RAW DATA:
──────

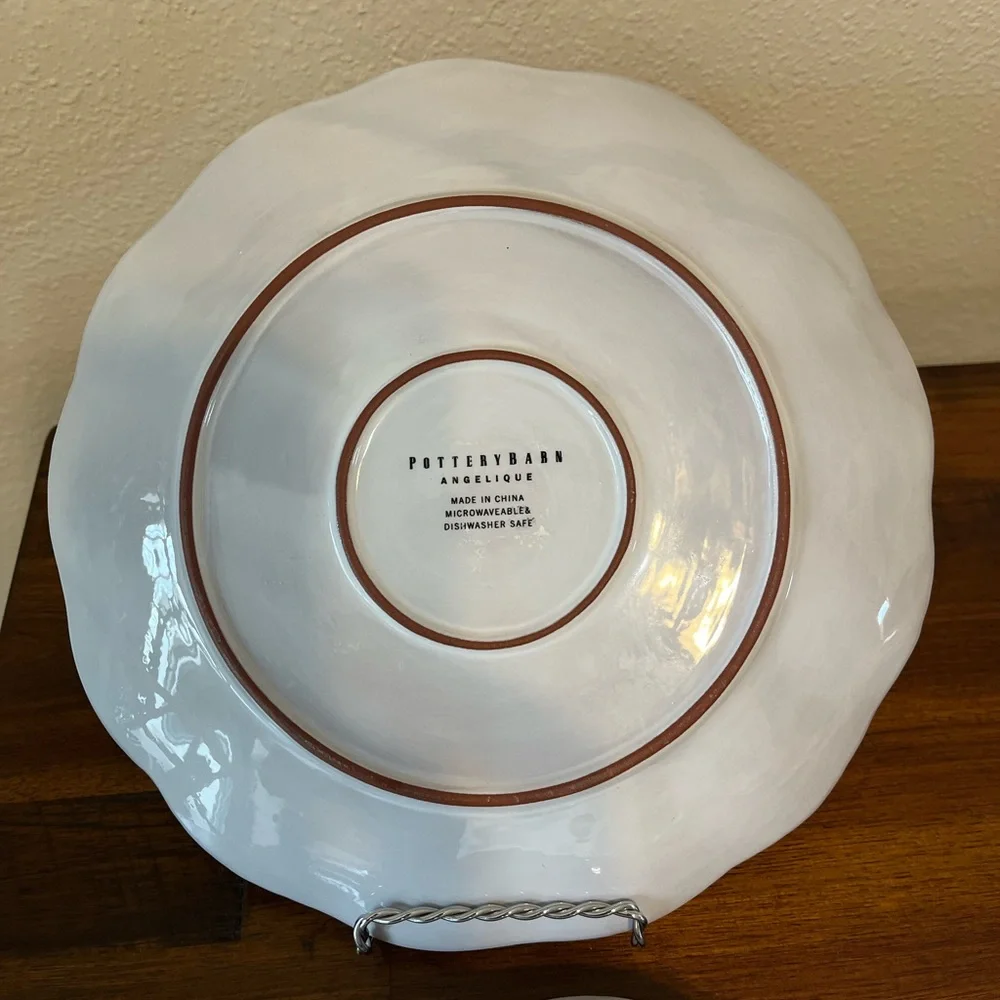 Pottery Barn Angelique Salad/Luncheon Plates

──────

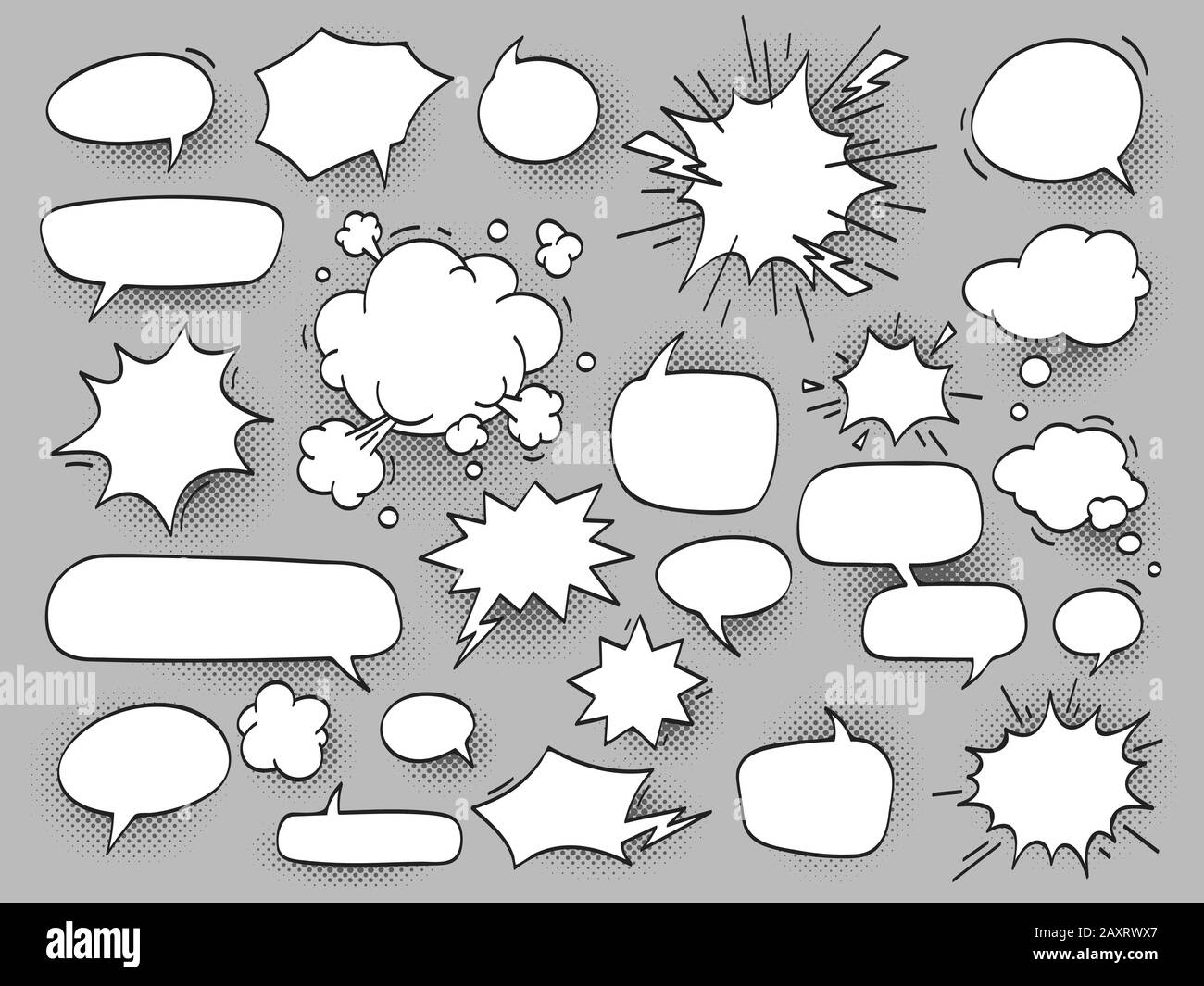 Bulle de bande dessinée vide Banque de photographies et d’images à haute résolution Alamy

──────

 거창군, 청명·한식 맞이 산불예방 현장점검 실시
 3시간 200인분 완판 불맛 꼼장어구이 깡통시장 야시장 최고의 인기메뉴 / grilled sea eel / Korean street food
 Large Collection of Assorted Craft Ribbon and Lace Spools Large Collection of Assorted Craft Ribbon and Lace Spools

──────

Every line from the line containing "거창군, 청명·한식 맞이 산불예방 현장점검 실시" through the line containing "Large Collection of Assorted Craft Ribbon and Lace Spools Large" in the records above must be retyped exactly. Leave out the rest.

ANSWER BELOW:
 거창군, 청명·한식 맞이 산불예방 현장점검 실시
 3시간 200인분 완판 불맛 꼼장어구이 깡통시장 야시장 최고의 인기메뉴 / grilled sea eel / Korean street food
 Large Collection of Assorted Craft Ribbon and Lace Spools Large Collection of Assorted Craft Ribbon and Lace Spools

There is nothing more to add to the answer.